On new album Prisoner, Ryan Adams chronicles the private emotions behind his marriage split with Mandy Moore. ‘My life depended on making it,’ he says

 

“I feel like I’m kinda back where I started. I’ve finally evolved into what I was when I first picked up the guitar, where I play without preconceived ideas,” says Ryan Adams. “I’m trying to learn the art of operating artistically without any fear. To just let it be what it is. That’s less distracting.”

He has just landed in London from Los Angeles and we are talking about his 16th studio album, Prisoner, in the lobby of a boutique hotel. The place is upmarket enough that we’re not disturbed, even though his sleeve of tattoos, Iron Maiden T-shirt and sideways-swept hair is one step short of a neon sign announcing his rock star status.

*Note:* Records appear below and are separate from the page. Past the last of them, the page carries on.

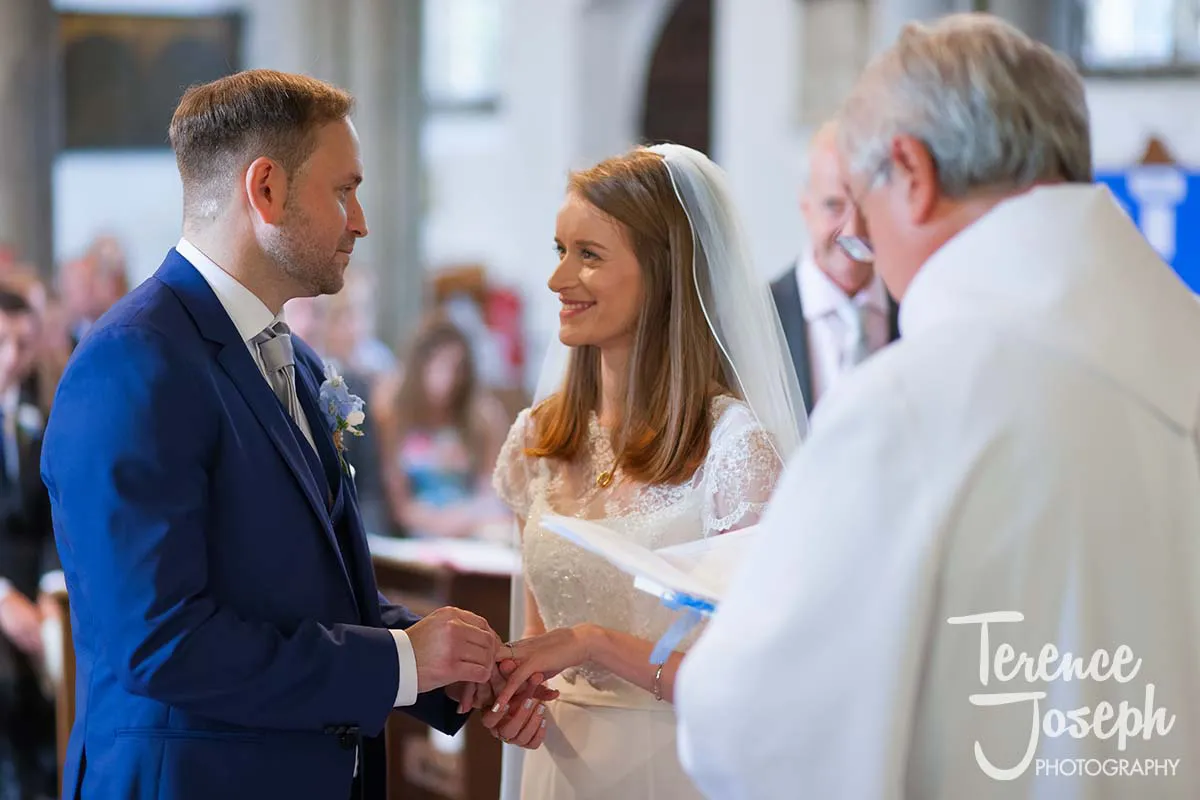 20_St_Andrews_Church_Wedding_Ceremony During the joyful and intimate church ceremony, a Moreteyne Manor wedding photographer captures the magical moment as the bride in her white dress and veil exchanges rings with the groom in his blue suit, while a priest reads from a book nearby.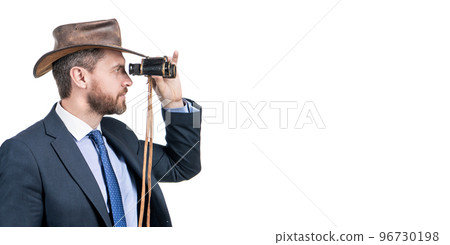 Professional man in cowboy hat look through binoculars isolated on white copy space, business vision Professional man in cowboy hat look through binoculars isolated on white copy space, business vision 96730198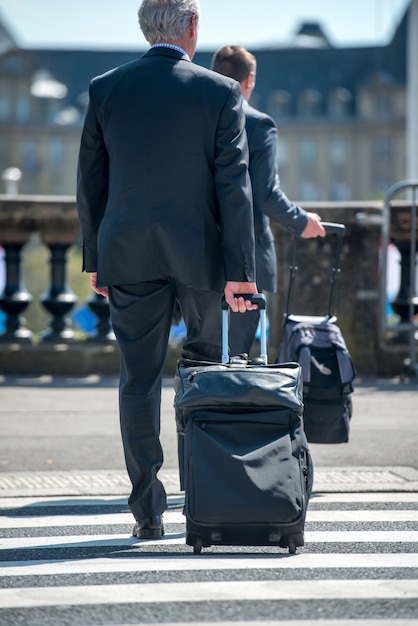 Homme en costume tirant la valise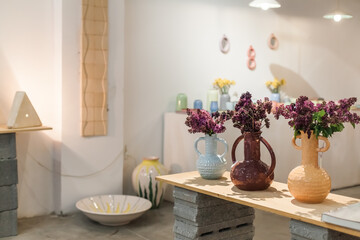 Artisanal ceramic home decor in a minimalist showroom. Handcrafted vases, candle holders, and tableware in earth tones. Includes Easter-themed ceramics and in-store workshop scenes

The point he makes is valid: the album indeed drops the expectation that has been built over his 22-year career. It doesn’t try to be too clever (as with his Taylor Swift cover album 1989) or surprising (as we saw with the metalfest of Orion). Instead, it’s like the end of a coming-of-age movie, proudly displaying the Ryan Adams we knew was there all along, the one that delivers heartfelt Americana loaded with meaning and melody.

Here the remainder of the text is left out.